Until spring of 2004, however, I was exposed to very little electronic music, aside from psytrance/goa groups like Infected Mushroom, and a few techno groups. Fortunately, I met someone who was positively passionate about electronica, and would become a very good friend. Upon receiving the first batch of CD's he burned for me, I was plunged into the incredible world of trance music. I must admit, since it was so dramatically different from metal, the sound took a little while to absorb. I knew right from the first time I heard "Afterglow" by Plastic Angel, though, that this was something special--that this music would undoubtedly become a passion of mine as well. I could not then predict, though, that it would outrank metal as being my absolute favourite genre of all.
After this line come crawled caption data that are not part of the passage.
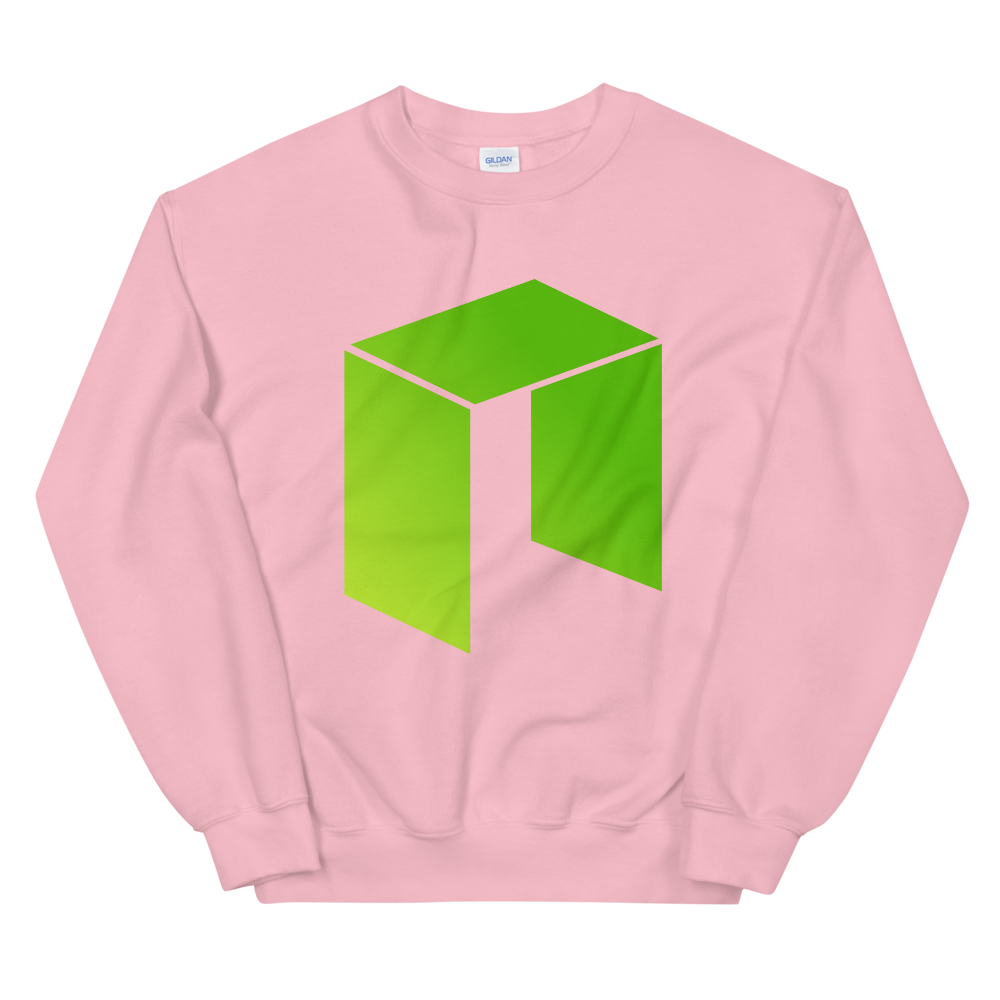 NEO Women's Sweatshirt  zeroconfs Light Pink S 
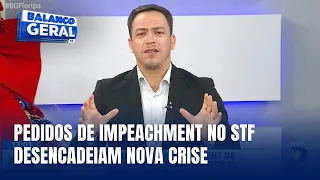 Comentário Político – Crise institucional cresce após decisão sobre pedidos de impeachment no STF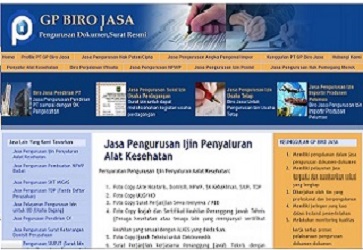 Konsultan Pajak - Biro Jasa - GP Consulting, Author: Aang Gunafi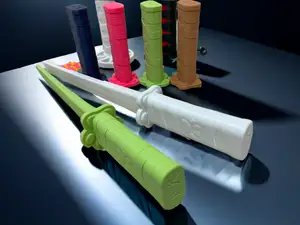 Small Collapsing Katana - Puppy 小犬 (Printinplace)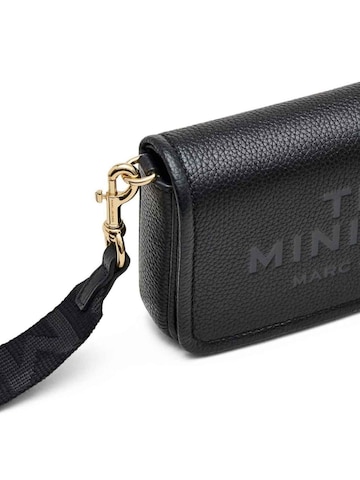 Marc Jacobs Schoudertas 'The Leather Mini Bag Crossbody Bag' in Zwart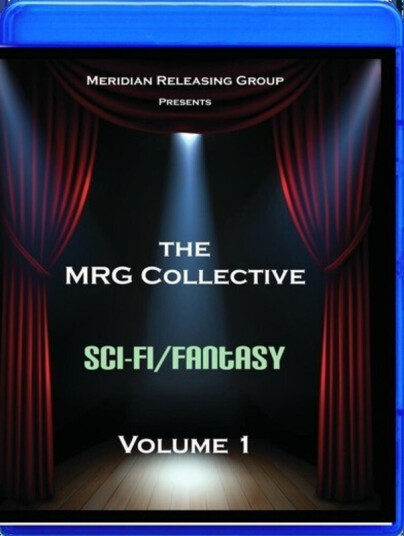 Mrg Collective Scifi/fantasy 1 Bluray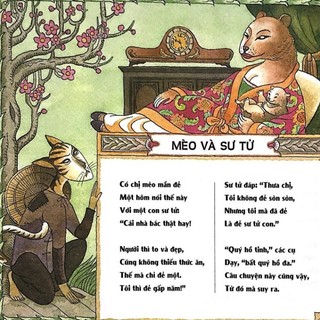 Sách - Ngụ Ngôn Ê-Dốp Bằng Thơ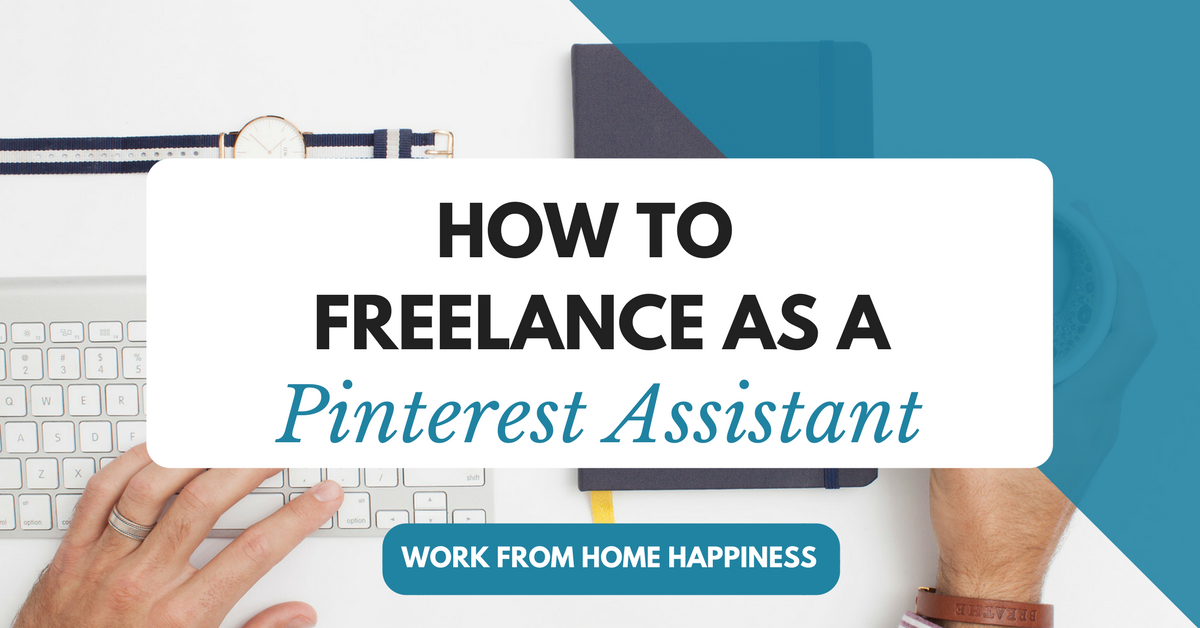 Love all things Pinterest? Turn it into your career when you become a freelance Pinterest assistant. This guide will show you how to freelance as a Pinterest assistant, even if you're not a pro pinner (yet). You'll also get a free bonus guide that will help you land your first client with a quick and simple email.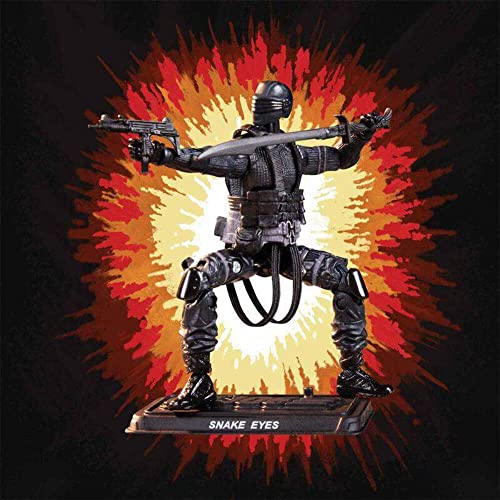 Figura Snake Eyes G.I.Joe 12cm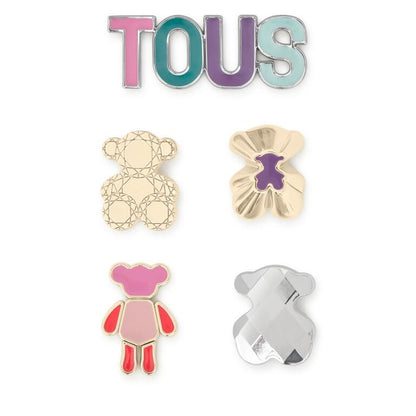 Pack Pins dorados TOUS Bear Style
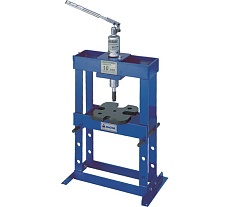 Настольный гидравлический пресс, 10т Мастак 720-00010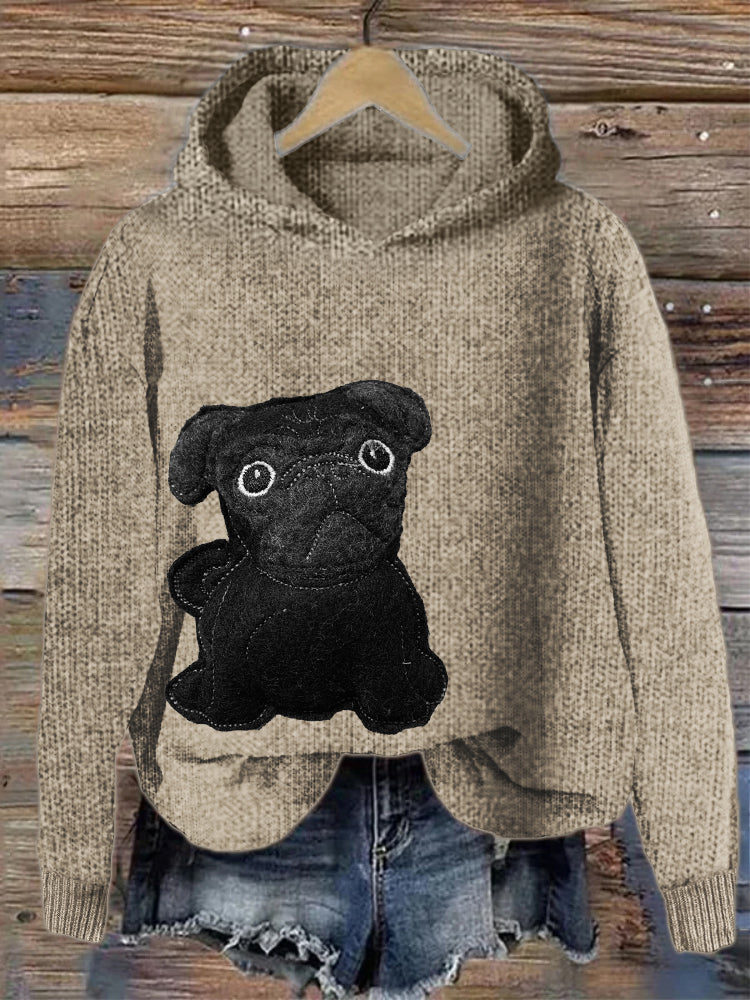 Maglione in stile vintage senza tempo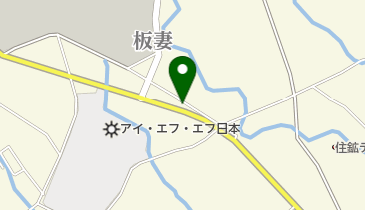 有限会社菱広電機の地図画像
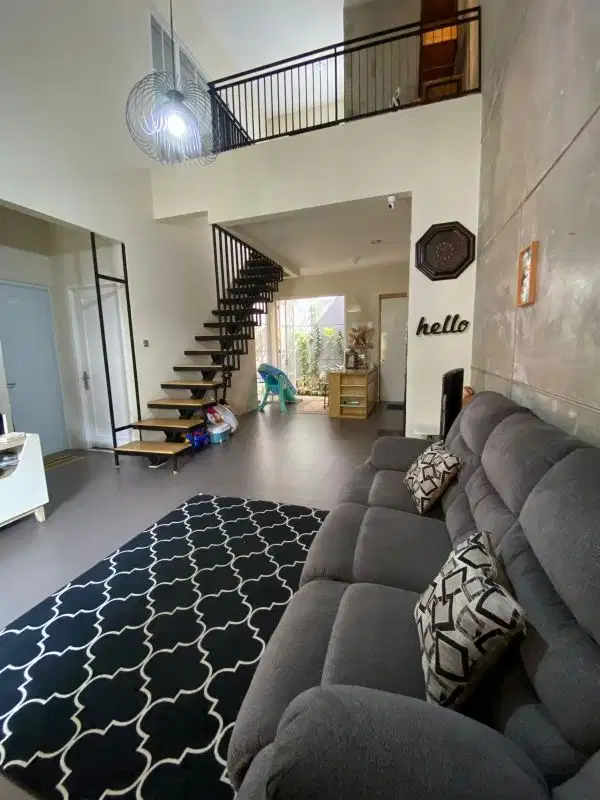 Dijual Rumah Bagus Siap Huni di Serpong Green Park Ciater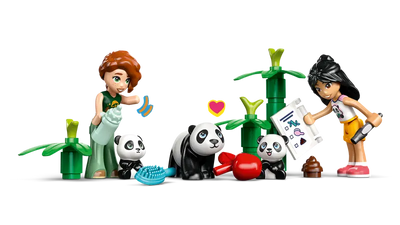 LEGO 42648 FRIENDS - PANDA SANCTUARY ANIMAL CARE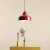 Lampa wisząca minimalistyczna COMO RED WINE 946G15 - Aldex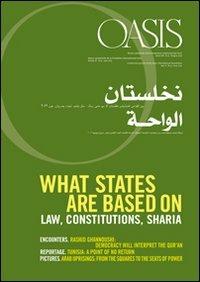 Oasis. Vol. 15: What states are based on - copertina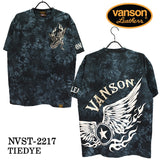 ベア天竺 半袖Tシャツ VANSON バンソン nvst-2217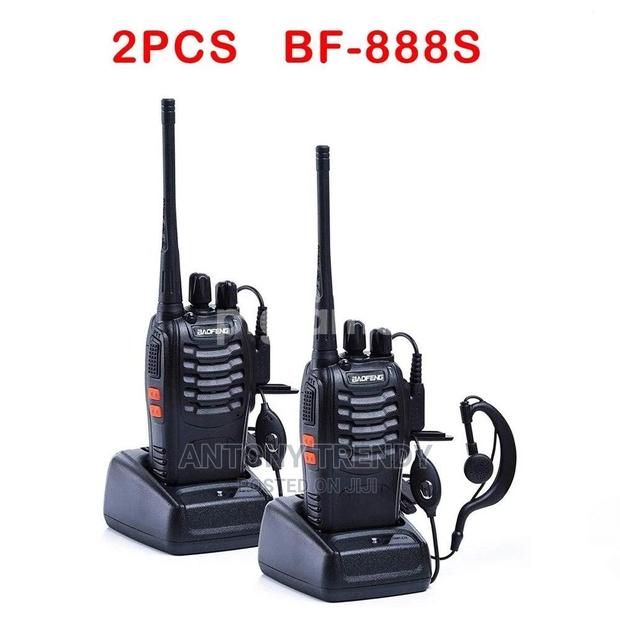 Baofeng Bf-888s 2-Way Portable Handheld Walkie Talkie Radio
It's something about that rhythmic, throbbing beat serving as the supporting foundation of beautiful, harmonious synth melodies. I can usually feel it as if it were my own pulse ... like the music is pumping through my bloodstream, not just through my speakers. Many trance songs feel much like a ride on the back of a giant mythical avian creature through eternal time and space, and the pulsating beat is the heavy flapping of the bird's wings as we ascend higher and higher. When the beat subsides and the multi-textured melodies continue to weave around one another like the vibrant threads of aural quiltwork, I feel as if we are simply floating, effortlessly suspended above the clouds as our hearts witness the beauty that drives our celestial kinetics. The climactic focal point of the song equates to our spiritual transcendence.
So, I believe it's safe to say electronic music is my new me; be it trance, techno, industrial, EBM, drum & bass, acid jazz, or what-have-you. I'm already familiar with countless artists in the genre, and I must have more. In a way, I am disheartened that the genre seems universally ignored by a mainstream audience in America--most Americans are all about their country, or their rap, or their whiny punk/emo, or their awesome metal singers who cough up course-grain sandpaper more often than sing, or their horrible pop stars that more or less define the mediocrity of America as a nation through their formulaic lyrics and dreadfully hackneyed musical contributions. The best music, I have found, is usually foreign.
I still enjoy many different genres of music. I heard an Uncle Kracker song the other day, and liked it. But electronic music is in my blood, now. It's a far cry from the usual guy on bass, another guy on lead guitar, another guy on backing guitar and vocals, another guy on keyboards, and another guy on drums. How refreshing.